Brief — Where the material below has a line containing "La Cenerentola, Act", start repeating exactly, and keep going through the line containing "Владислав Пинаев: Нижний", with no other lines.

Given data —
****************

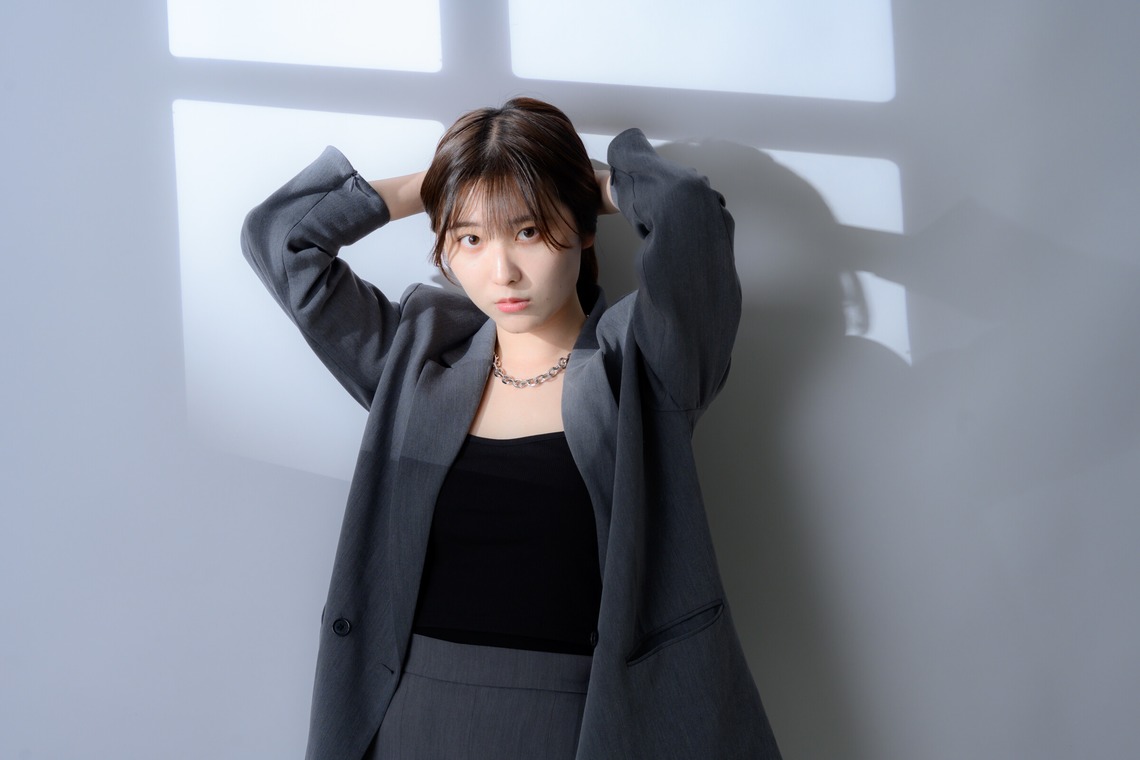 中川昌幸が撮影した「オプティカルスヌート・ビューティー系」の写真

****************

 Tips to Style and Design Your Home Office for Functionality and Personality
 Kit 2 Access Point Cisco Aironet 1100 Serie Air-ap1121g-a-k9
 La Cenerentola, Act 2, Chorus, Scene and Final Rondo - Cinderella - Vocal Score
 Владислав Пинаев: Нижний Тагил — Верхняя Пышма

****************

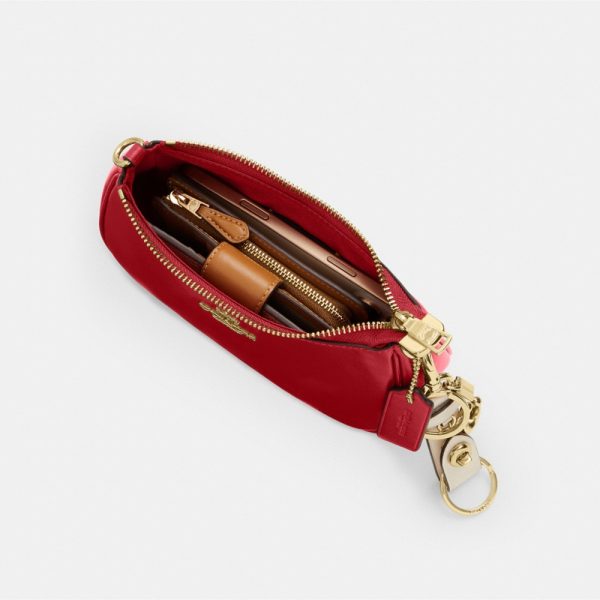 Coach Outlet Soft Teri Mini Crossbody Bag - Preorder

****************

Expected answer —
 La Cenerentola, Act 2, Chorus, Scene and Final Rondo - Cinderella - Vocal Score
 Владислав Пинаев: Нижний Тагил — Верхняя Пышма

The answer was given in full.